Moi, qui était habituée des voyages à l’arrache de plusieurs mois, parfois en auto-stop, sans toujours savoir où je dormirais le soir venu, à exploiter le système D à grands coups de « on verra rendu là »… Moi, j’allais rester 4 mois au même endroit à des milliers de kilomètres de tout ce qui fait de ma vie quotidienne un charme? Dur constat, ce soir-là. Comme quoi ce n’est pas parce qu’on atterrit sur la carte postale qu’on ressemble instantanément aux gens présentés sur les brochures touristiques.
Bon, ce que mon cerveau omettait de me rappeler à ce moment précis, c’est la quantité d’efforts que nous avions mis dans ce projet-là, les raisons qui nous avaient poussés à aller de l’avant malgré plusieurs difficultés (ennuis de santé, budget), ce que nous allions en réalité chercher de l’autre côté de la planète, et surtout, tout ce que nous allions y accomplir durant les prochains mois.
Ne pas perdre de vue ses objectifs. Surtout pas 2 mètres passé la ligne de départ.

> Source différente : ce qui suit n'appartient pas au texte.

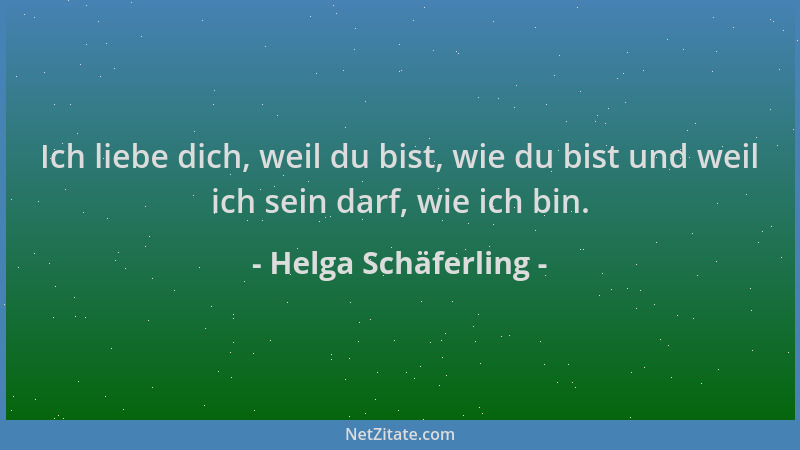 Helga Schäferling - Ich liebe dich, weil du bist, wie du bist und weil ich sein darf, wie ich bin....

J’aime parler de cet épisode très court. Le coup de foudre pour un endroit n’arrive pas instantanément lorsque que les roues de l’avion touchent le tarmac. Et il est sain, voire normal, d’entretenir des doutes une fois « dans le bain » face au choix que nous avons fait précédemment. La fatigue post-déplacement a parfois un grand pouvoir sur nos émotions…
Puis, j’ai dormi.
Je veux dire : vraiment bien dormi.
Et une nouvelle journée s’est offerte à moi, à nous. Ce premier matin où je me réveillais en Australie. Wow! Je suis en Australie! Je regarde par la fenêtre et j’aperçois la gare du train urbain aux couleurs du MTI (Melbourne Train…). J’ouvre la porte et admire les oiseaux du paradis qui poussent, sauvagement, juste à côté du paillasson. De l’autre côté de la rue : un eucalyptus. À l’intérieur : plusieurs petits détails qui me font réaliser que je ne suis plus chez moi. Le lait 3,4 %, le Vegemite dans l’armoire, les poignées de porte à hauteur d’épaule…
Je suis maintenant en Australie. Je suis enfin en Australie. Ce matin, un nouveau pays s’offre à moi. Je n’ai que quatre mois pour faire la connaissance d’un continent tout entier : c’est si peu! J’ai tout à apprendre, tout à comprendre. Ce que j’en ai des questions à poser, des choses à voir, des aliments à goûter, des réflexions à approfondir!
Maëva mange ses rôties; pour elle, rien n’a changé outre le décor et la présence d’un troisième adulte dans la maisonnée. Elle ne réalise pas l’ampleur du déplacement ni tout ce qui l’attend de découvertes et expériences.
C’est fou l’impact positif qu’une bonne nuit de sommeil peut avoir, non?